Pendant que les astronautes et cosmonautes acquièrent une expérience indispensable à bord de la Station spatiale internationale, et que les États-Unis exploitent la réalité virtuelle pour entraîner leurs chercheurs, la vaste majorité des préparatifs en vue d'une mission interplanétaire se font sur Terre.

Et certains des endroits les plus périlleux de la planète sont le terrain de jeu idéal sur lequel mettre à l'épreuve aussi bien l'équipement que les humains.

Vu de l'espace, le désert de Dhofar est une vaste étendue brune. Peu de plantes et d'animaux peuvent survivre à un endroit où le mercure peut surpasser les 50 degrés Celsius.

À l'est d'une dune apparemment sans fin on retrouve la Base martienne d'Oman: un gigantesque habitacle gonflable de 2,4 tonnes entouré de conteneurs transformés en dortoirs et en laboratoires. Il n'y a toutefois pas de sas.

La surface du désert ressemble tellement à Mars qu'on détecte difficilement les différences, selon M. Kumar, dont la combinaison spatiale est couverte de poussière. «Mais ça va plus loin que ça: les types de géomorphologie, toutes les structures, les dômes de sel, les lits des rivières, les oueds, ça côtoie beaucoup ce qu'on retrouve sur Mars.»
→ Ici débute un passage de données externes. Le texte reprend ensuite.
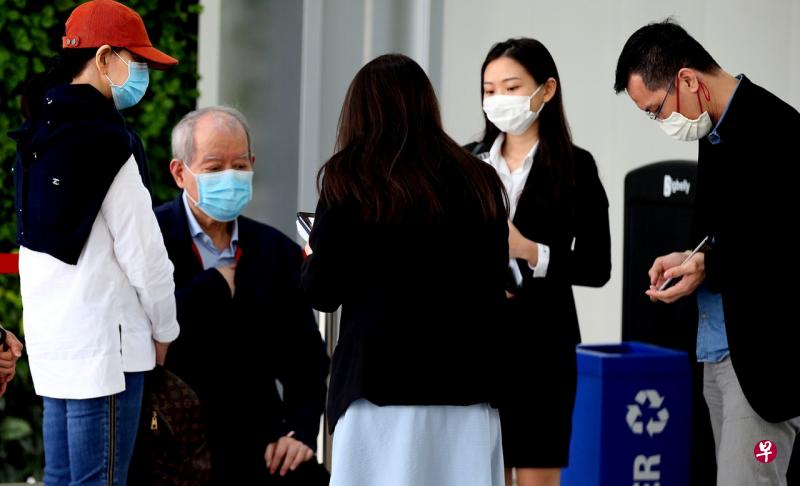 “燃油大王”林恩强和两个子女被汇丰银行索偿。（档案照） 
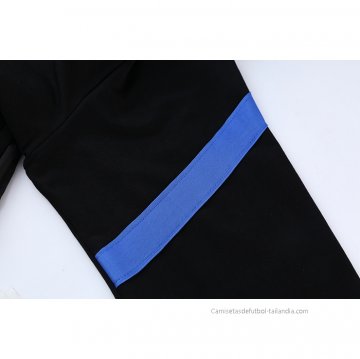 Chandal de Sudadera del Inter Milan 2021-2022 Negro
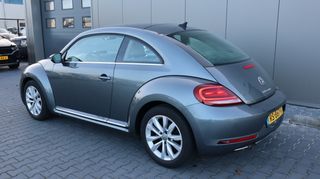 Volkswagen Beetle 1.2 TSI Exclusive S. | Leder | Alcantara | Media | Mooi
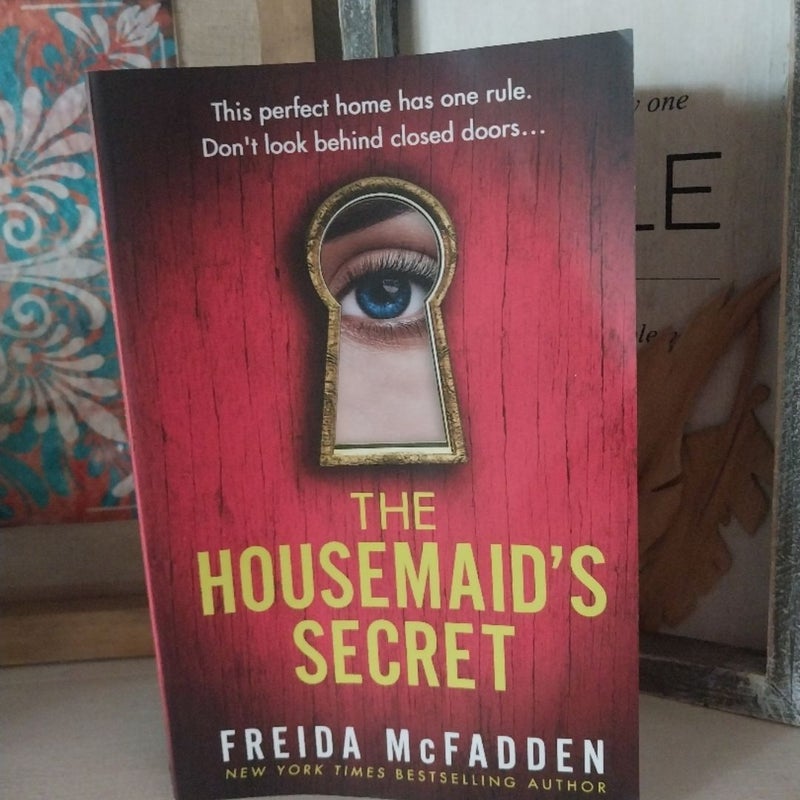 The Housemaid's Secret
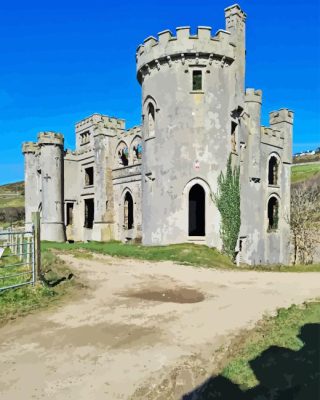 Clifden Paint By Numbers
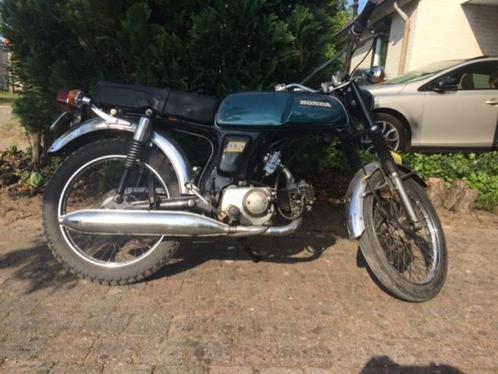BROMFIETS HONDA SS50, Fietsen en Brommers, Brommers | Honda, Gebruikt, Overige modellen, Maximaal 45 km/u, Ophalen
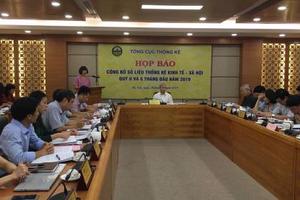 GDP cả nước tăng 6,76% trong nửa đầu năm 2019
Le gouvernement omanais avait offert d'accueillir la prochaine simulation martienne du Austrian Space Forum lors d'une rencontre du Comité des Nations unies pour l'utilisation pacifique de l'espace extra-atmosphérique. La proposition a été rapidement acceptée.

Des scientifiques de partout ont soumis des suggestions d'expériences et la mission baptisée AMADEE-18 en a retenu 16, dont la mise à l'essai d'un rover robotisé ultrarapide (inspiré d'un arbuste desséché poussé par le vent) et d'une nouvelle combinaison spatiale appelée Aouda.
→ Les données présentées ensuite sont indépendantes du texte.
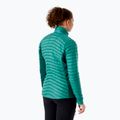 Women's down jacket Rab Cirrus Flex 2.0 green QIO-75-SR-08 2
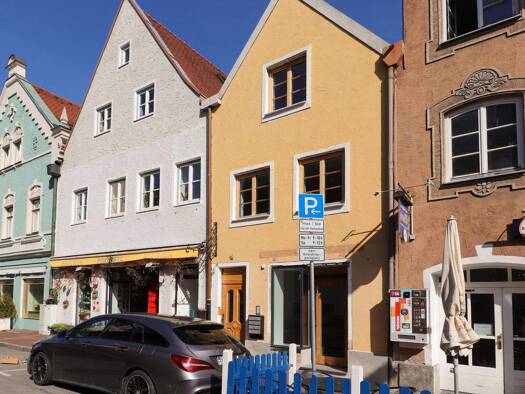 Bürofläche zur Miete 525 € 2 Zimmer 55 m² Bürofläche Schongau 86956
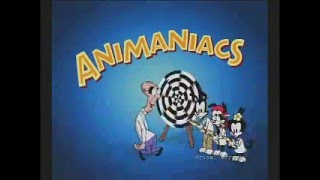 Cartoon Network  Powerhouse Animaniacs [upl. by Bores81]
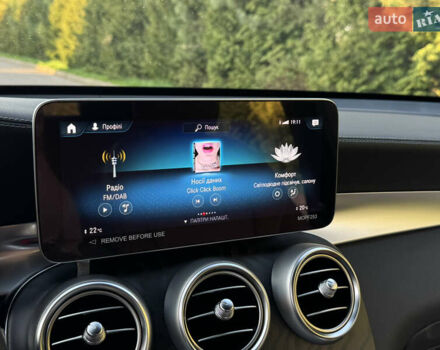 Черный Мерседес ГЛЦ-Класс, объемом двигателя 2 л и пробегом 50 тыс. км за 63950 $, фото 49 на Automoto.ua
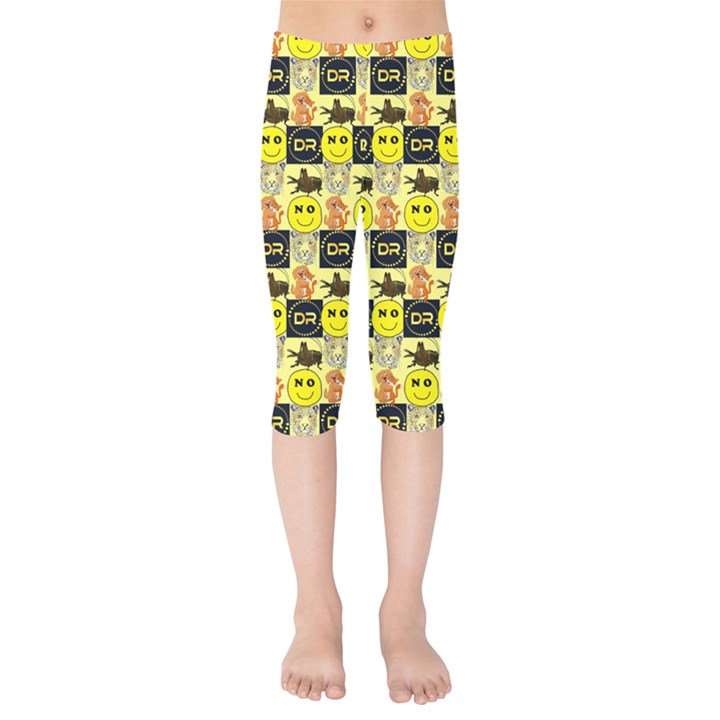 Smily Kids  Capri Leggings 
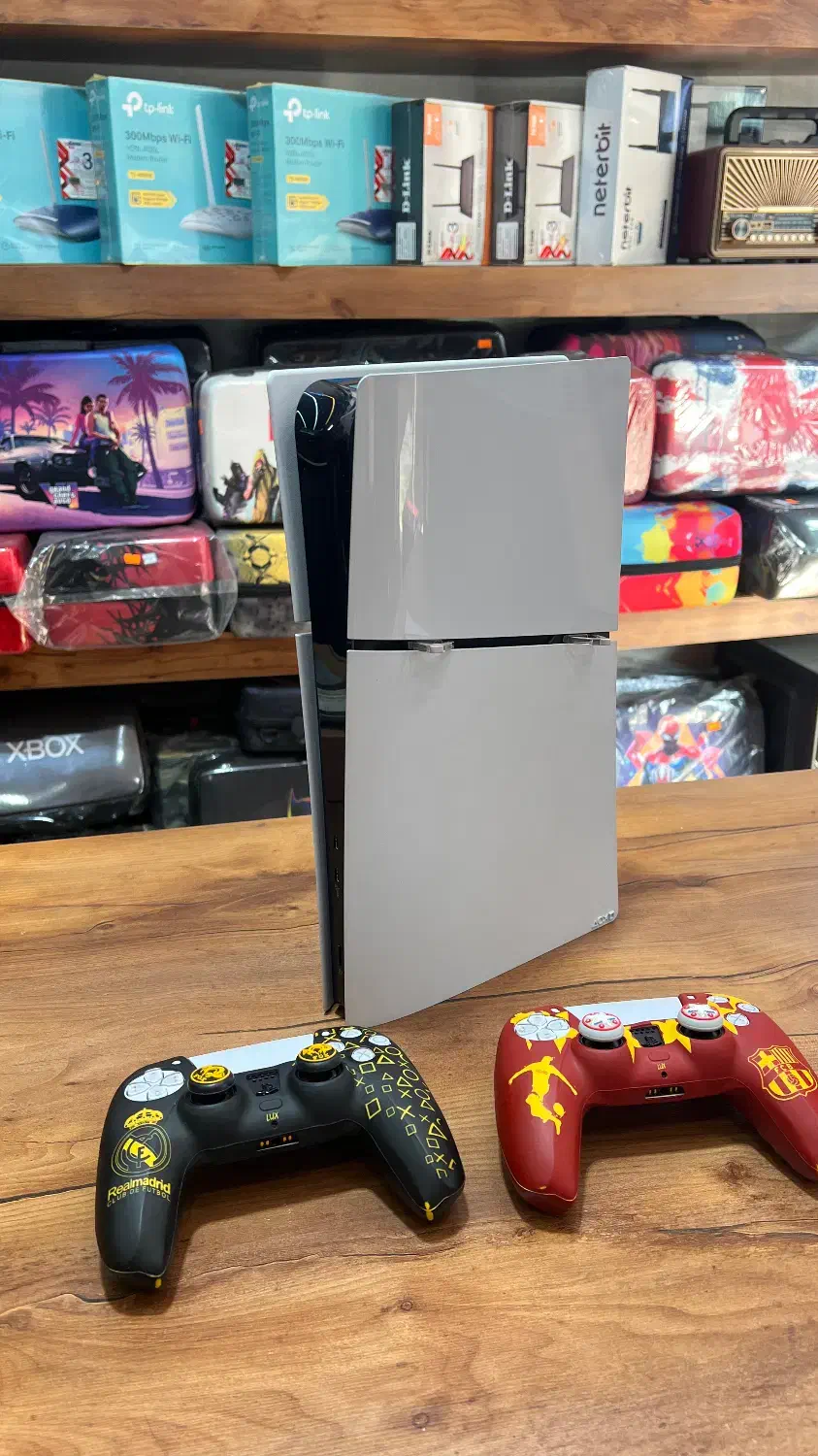 کنسول/دستگاه  بازی پلی استیشن سونی SONY PS5 slim|کنسول، بازی ویدئویی و آنلاین|لاهیجان, امیرشهید|دیوار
Cette combinaison sophistiquée de 50 kilos est qualifiée de «vaisseau spatial personnel» puisqu'on peut respirer, manger et réaliser des expériences à l'intérieur. La visière affiche des cartes et de multiples données.

«Peu importe qui participera à cette grande expédition, il y a des choses qui nous apprenons ici qui feront partie de la mission», a prédit le commandant de la simulation martienne à Oman, Gernot Groemer.
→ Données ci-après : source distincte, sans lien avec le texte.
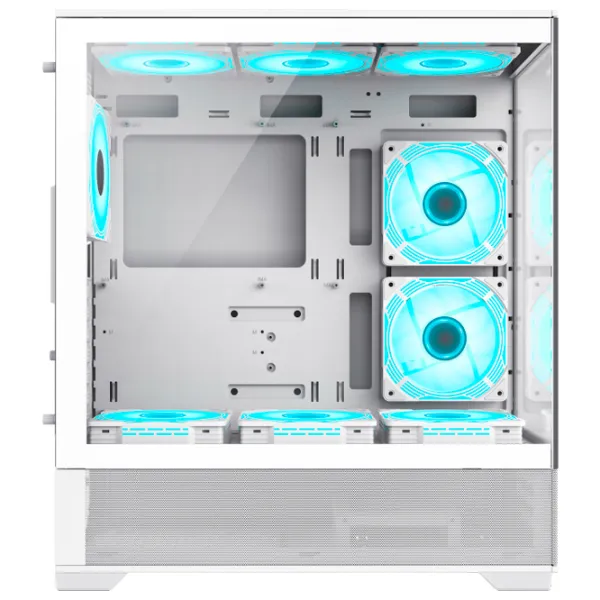 Корпус Gamemax VISTA AW Mid Tower / Белый photo 4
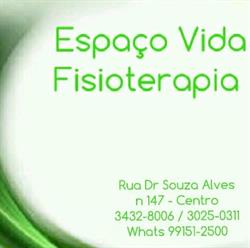 Espaço Vida Fisioterapia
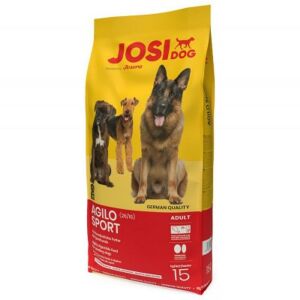 Josera JosiDog Agilo Sport 26/16 Adult 15 kg 137337624 - Josera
Avant que l'homme ne pose finalement le pied sur la Lune, des environnements hostiles, de l'Arizona jusqu'à la Sibérie, ont été utilisés pour mettre au point les atterrisseurs, les rovers et les combinaisons. Les agences spatiales qualifient ces lieux d'«analogues», puisqu'ils simulent le froid extrême et l'isolement des sites extraterrestres.

«On peut tester des systèmes dans ces endroits et voir jusqu'où on peut les pousser, à quel moment ça commence à faire défaut, et ce qu'on doit faire pour éviter que ça se produise sur Mars, a expliqué João Lousada, qui participe lui aussi à la simulation omanaise.

Des fausses stations spatiales ont été construites sous l'eau au large de la Floride, dans les déserts frigides de l'Antarctique et dans les cratères volcaniques d'Hawaï.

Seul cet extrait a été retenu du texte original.